Type Library Hacking

It turns out that, in some cases, the Xmlsax.tlb Type Library produced by compiling the supplied Xmlsax.idl file is not merely Visual Basic-unfriendly, but is in fact unusable in Visual Basic. Specifically, parameters to methods defined in IDL as [out] are unacceptable to Visual Basic. If the parameter is defined as [in, out] (a ByRef parameter) or [out, retval] (the return value), Visual Basic does not allow it to be used. This is the case for some of the methods in the SAX2 interfaces.

In addition, I ran into trouble calling most of the methods on the ISAXAttributes interface. For example, the GetLocalName method yields a subroutine in Visual Basic. The caller passes an index into the Attributes collection. The routine returns the by-now-familiar array of integers and array-length parameters. The IDL looks like the following:

HRESULT GetLocalName(
        [in] int nIndex,
        [out] const wchar_t ** ppwchLocalName,
        [out] int * pcchLocalName);

I knew that the [out] parameters are not acceptable in Visual Basic. Therefore, I decided to change the IDL for the [out] parameters to [in, out]. However, I wasn't sure how I was going to decode that const wchar_t ** data type. I noticed that the Hardcore Visual Basic book delivers a function called UPointerToString, which looked promising. However, UPointerToString expects a pointer (As Long in VB terms). Therefore, I decided to alter the data type from const wchar_t ** to int *. The modified IDL looks like the following:

HRESULT GetLocalName(
        [in] int nIndex,
        [in, out] int * ppwchLocalName,
        [in, out] int * pcchLocalName);

This format turns out to be acceptable in Visual Basic. The string value is decoded successfully with UPointerToStringEx (same as UPointerToString, but it takes the character count as a parameter).

The methods on ISAXAttributes can now be called as a subroutine:

  Call pAttributes.GetValue(0, pwchValue, cchValue)

The above call gets the value for the attribute at index position 0, assigning the pointer to the value in pwchValue and the length of the value in cchValue. The VB string is then returned from the following code (similar to those made before).
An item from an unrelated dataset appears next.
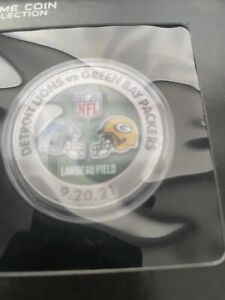 2021 Detroit Lions vs Green Bay Packers Dueling Game Day Coin 9/20/21 Lambeau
  sAttValue = String$(cchValue, 0)
  CopyMemory ByVal StrPtr(sAttValue), ByVal pwchValue, cchValue * 2

Note that the pwchValue must be prefaced with ByVal.

I copied the Xmlsax.idl file, called it XmlsaxVB.idl, then modified the copy before finally compiling the modified copy into XmlsaxVB.tlb. It is this modified Type Library that is referenced in the ActiveX component project included in the download.

Of course, modifying IDL files is not recommended as a general rule. It is, however, recommended that modified Type Libraries never leave the computer you are developing on. If you create a Setup program with the Package and Deployment Wizard, such a Type Library should not be included in the Setup package. However, since the MSXML component discussed in this article is a Technology Preview, there's no danger that anyone will try to ship this example in a production environment.